We’re just at the recruitment stage right now, but we’re scaling up what we did in the GENCODE project [to identify protein-coding genes in ENCODE regions, which was] led by Roderic [Guigó of the Centre de Regualció Genòmica in Barcelona, Spain]. We have all these automatic systems here, we’re very strong with the Ensembl automatic genebuild, but we can do better with the manual curation and we can do better still with the option to experimentally verify, and that was all evaluated in the EGASP experiment, which was published in [a special issue of] Genome Biology [Guigó R, Flicek P, Abril JF, et al. EGASP: the human ENCODE Genome Annotation Assessment Project. Genome Biology 2006, 7(Suppl 1):S2doi].
That was [like] a CASP competition basically, and this time just for gene structures, and it was a good marker to evaluate [which] experiments are useful to do, [and] how good [the] computation [is]. It’s not as good as manual [annotation]. That’s the conclusion from that.
So basically we’ve just taken what we learned from the pilot and scaled it up [from 1 percent to 100 percent]. But it involves a few new computational groups in the US who have developed some novel methods that should help identify some things, some things that have just been missed before.
What else are you involved in?
While my primary activity is vertebrate [genome] annotation , I also have a research group of mainly PhDs [that] works on pure machine-learning methods for [motif] prediction. In particular, we have a motif-prediction algorithm [that] can be used to discover [more than 100] motifs in a single step. There is a paper published on the pilot usage in flies [Down TA, Bergman CM, Su J, Hubbard TJ (2007) Large-Scale Discovery of Promoter Motifs in Drosophila melanogaster.

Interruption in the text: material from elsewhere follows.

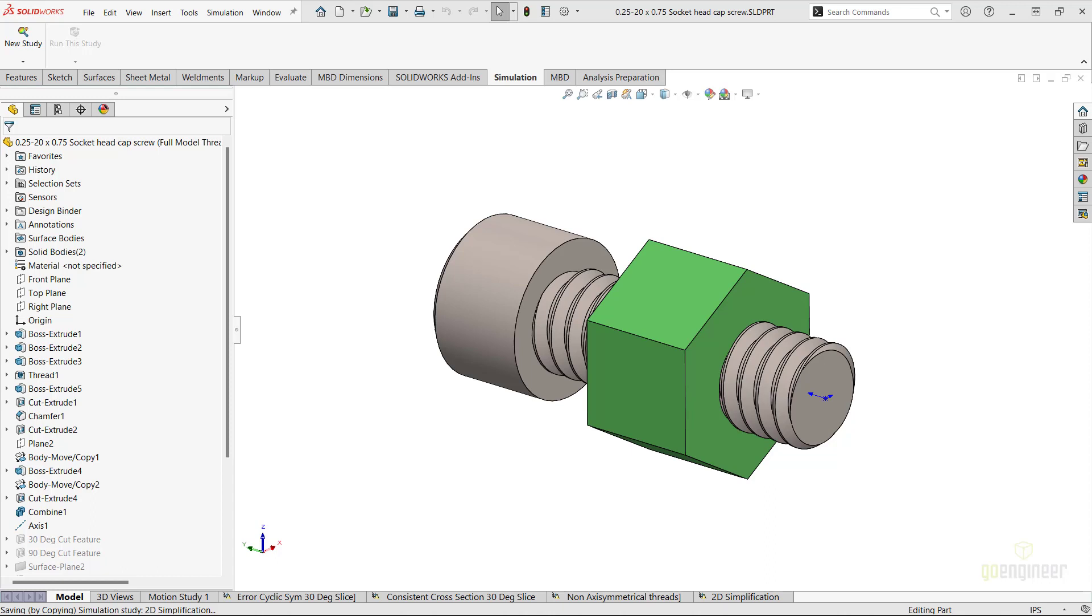Welcome back to the GoEngineer YouTube channel. My name is Enrique Garcia and I'm a Senior Simulation Specialist here at GoEngineer. In this Quick Tips video, we will take a look at this particular simulation error and show how to work around it.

PLoS Comput Biol 3(1): e7], and a database associated with this called Tiffin.
Philosophically, although we will learn a lot about biology through data integration, we are never going to be able to predict consequences of unique new mutations … unless we can do ab initio prediction of gene structures, regulatory features, et cetera. So just like protein structure prediction — which is making progress [that is] measurable through CASP — I believe we have to keep working on pure ab initio methods until we can really predict directly. Given our success in motif prediction, which does not rely on comparative genomics — unlike many other methods — I'm optimistic.
The challenge now is to add value to the literature by building tools on top of the text, linking to databases and generally helping the scientific process by integrating literature with data.
Also, the UK has started to coordinate activities in [its National Health Service] which is building electronic patient records systems with the [Medical Research Council and [the] Wellcome Trust. In the era of large-scale sequencing and genotyping, patient collections such as UK Biobank, and personal genomics, there's lots of potential here to help research by better database integration. I'm on the new government oversight committee for this, [which is] part of [the MRC’s Office for Strategic Co-ordination of Health Research].
Overall, it’s a hugely exciting period.